» EXERCISE BRIEF: Text in the records must be reproduced exactly, and pictures must be skipped.

===== EXERCISE MATERIALS

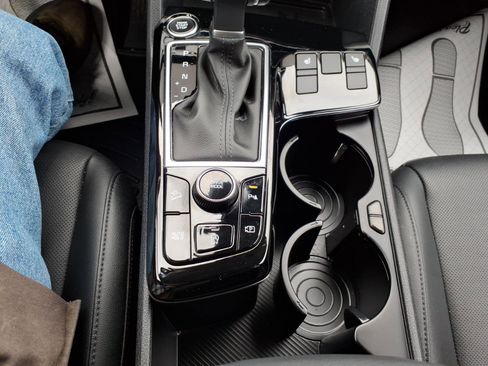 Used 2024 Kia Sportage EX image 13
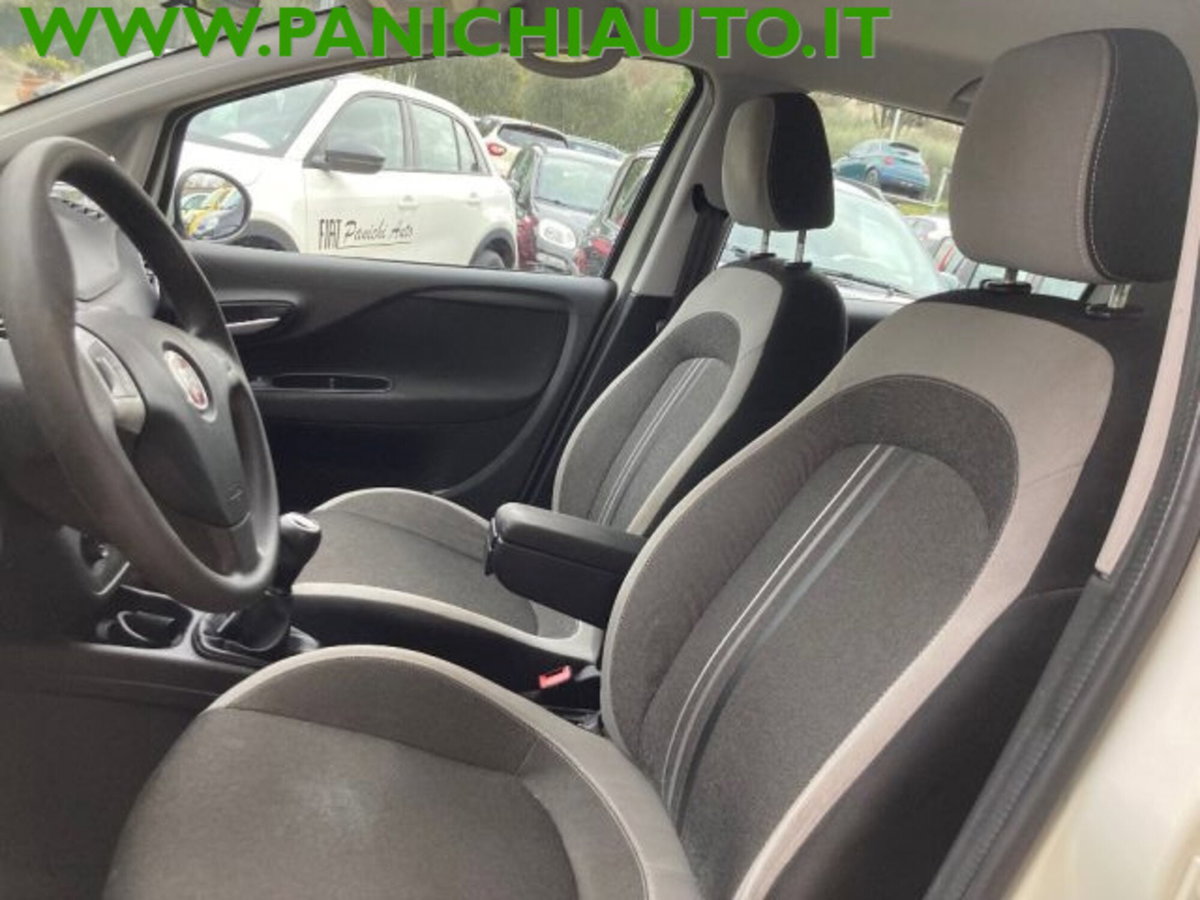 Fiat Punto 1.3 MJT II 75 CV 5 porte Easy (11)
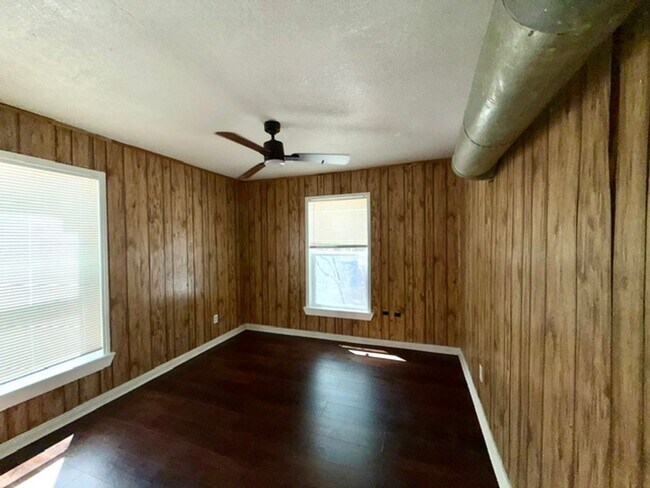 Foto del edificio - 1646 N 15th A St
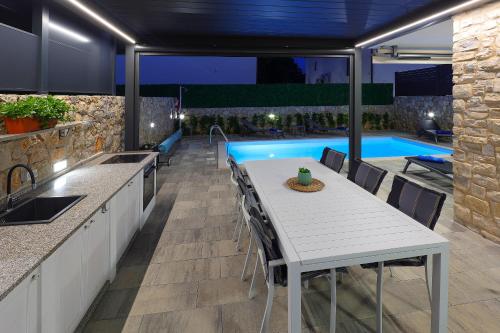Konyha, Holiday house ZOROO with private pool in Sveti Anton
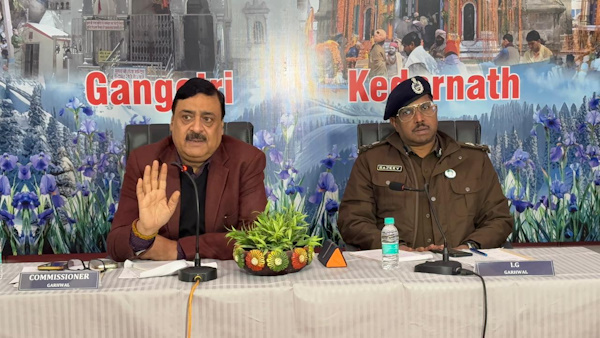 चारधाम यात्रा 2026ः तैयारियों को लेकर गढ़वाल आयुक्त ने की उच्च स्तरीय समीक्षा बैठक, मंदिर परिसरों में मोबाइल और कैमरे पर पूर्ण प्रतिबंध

==========

» ANSWER SPACE:
 Used 2024 Kia Sportage EX image 13
 Fiat Punto 1.3 MJT II 75 CV 5 porte Easy (11)
 Foto del edificio - 1646 N 15th A St
Konyha, Holiday house ZOROO with private pool in Sveti Anton
 चारधाम यात्रा 2026ः तैयारियों को लेकर गढ़वाल आयुक्त ने की उच्च स्तरीय समीक्षा बैठक, मंदिर परिसरों में मोबाइल और कैमरे पर पूर्ण प्रतिबंध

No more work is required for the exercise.